We got a million dollars out of it and within a year, we did a 1031 exchange. We put those million dollars into another facility. This facility was a much larger facility. It cost four million dollars, we put one million dollars down on it. It was roughly about 65,000 net rentable square feet. Now, on this facility we worked hard to increase prices. Things didn't go as we thought they would. There was office space we lost. We lost a bunch of office tenants which we had to try to make up, and it was office space that was approximately 10 offices within the storage building. We don't do offices, so we just kind of let them go.

We made up for that revenue with our rate increases and running the storage facilities well, but we also lost revenue on a U-Haul dealership that was on it that they had multiple people running it. It was kind of a mess. It didn't make a lot of money, but when you're paying for an asset and you're getting twenty thousand dollars in revenue and you're buying it on a cap rate, that's a lot of money. That's hundreds of thousands of dollars of value that we lost, so we had to make up for those things in our rental process by getting new tenants, by increasing the rents. We did that. We came in with our operations, we focused on marketing, we focused on training the manager at this location. We boosted that revenue up.

Expansion

In fact, we got it up enough to where we could expand the facility. There was an old shop and some vacant land on it. We tore that down; we added another roughly six thousand square feet of storage. We knew which units were in high demand and on that one we did more of an automation system so anybody could come and use it any time of the day. We used a “no-key” touchless technology, and we could automate that whole entire operation. We could charge higher prices for that luxury.

So, where does it sit now? This was a seven-year process. Today we're at seventy-one thousand square feet, the gross monthly revenue alone is at $61,000. That means that from one year’s revenue, we're making over seven hundred and forty thousand dollars on that property in gross revenue. Our net is right at $490,000.
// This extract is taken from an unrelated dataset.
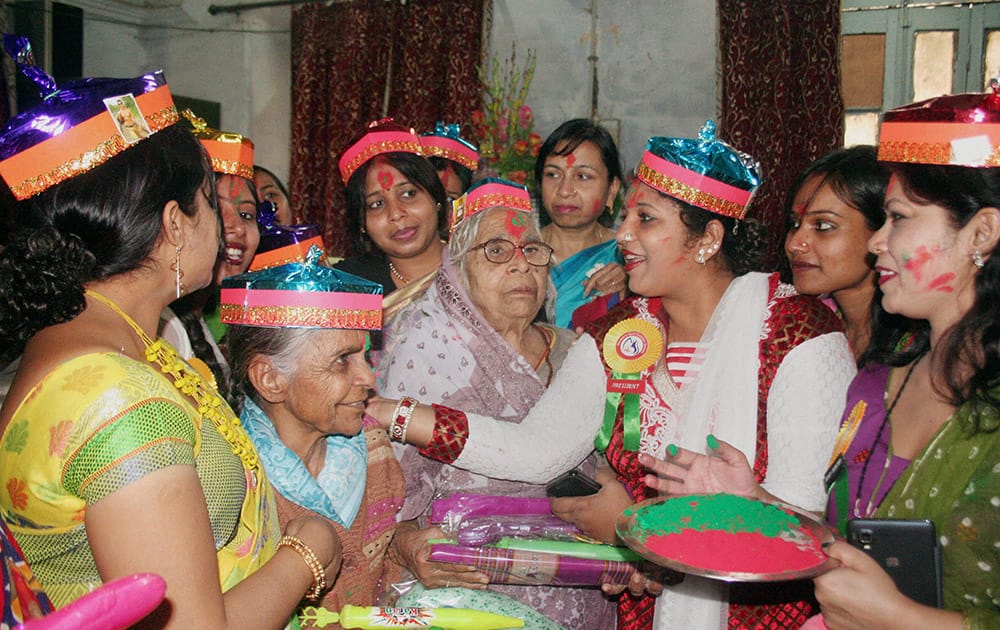 Women celebrate with colours at an old age home on the occasion of International Womens Day in Varanasi.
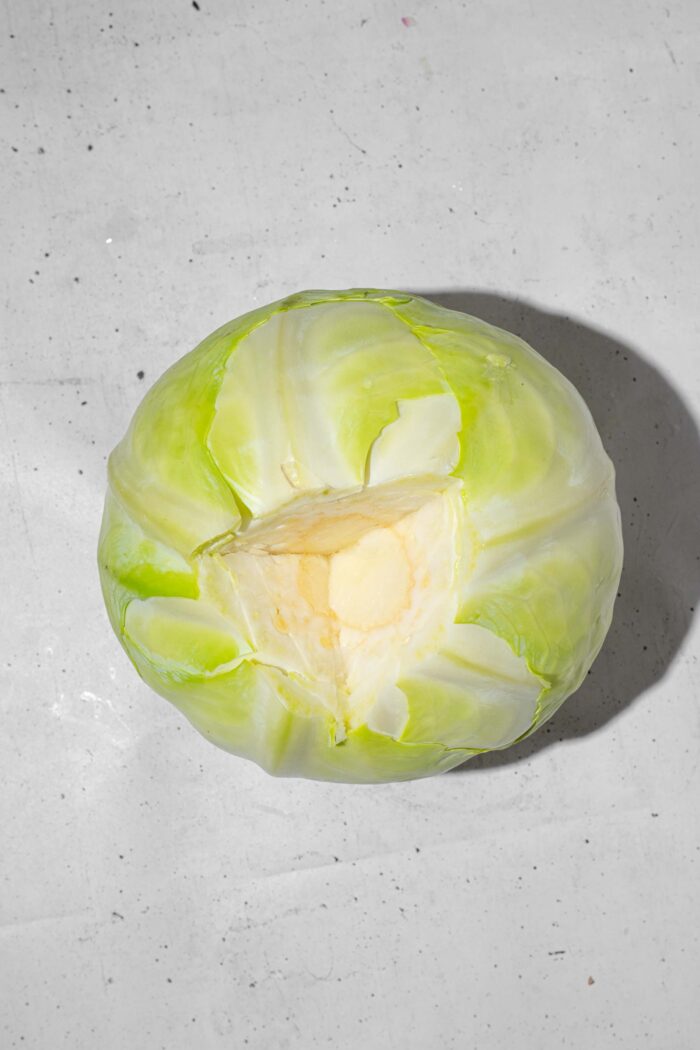 A full head of cabbage, with the thick stem cut out from the bottom.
Now, remember our down payment on our original facility was $200,000 a year. At that price, even conservatively, that asset is now worth over eight million, so we now have right around three million dollars in debt. That's five million in equity that we can now use to go and buy another facility. That’s what we did. Now, I’m not going down that road and I’m not going to include all of that because then it's not actually 5 million. It's more than that original $200,000 it made us. That is incredible! We’re talking about almost eight hundred thousand dollars a year, not including all the other assets that we purchase, by putting down payments from the equity and tax-free from this asset. That is the power of real estate. That is the power of making good decisions. When you know that asset's not going anywhere, don't hold it. Cut your losses and take what you learned and use it to compound your money!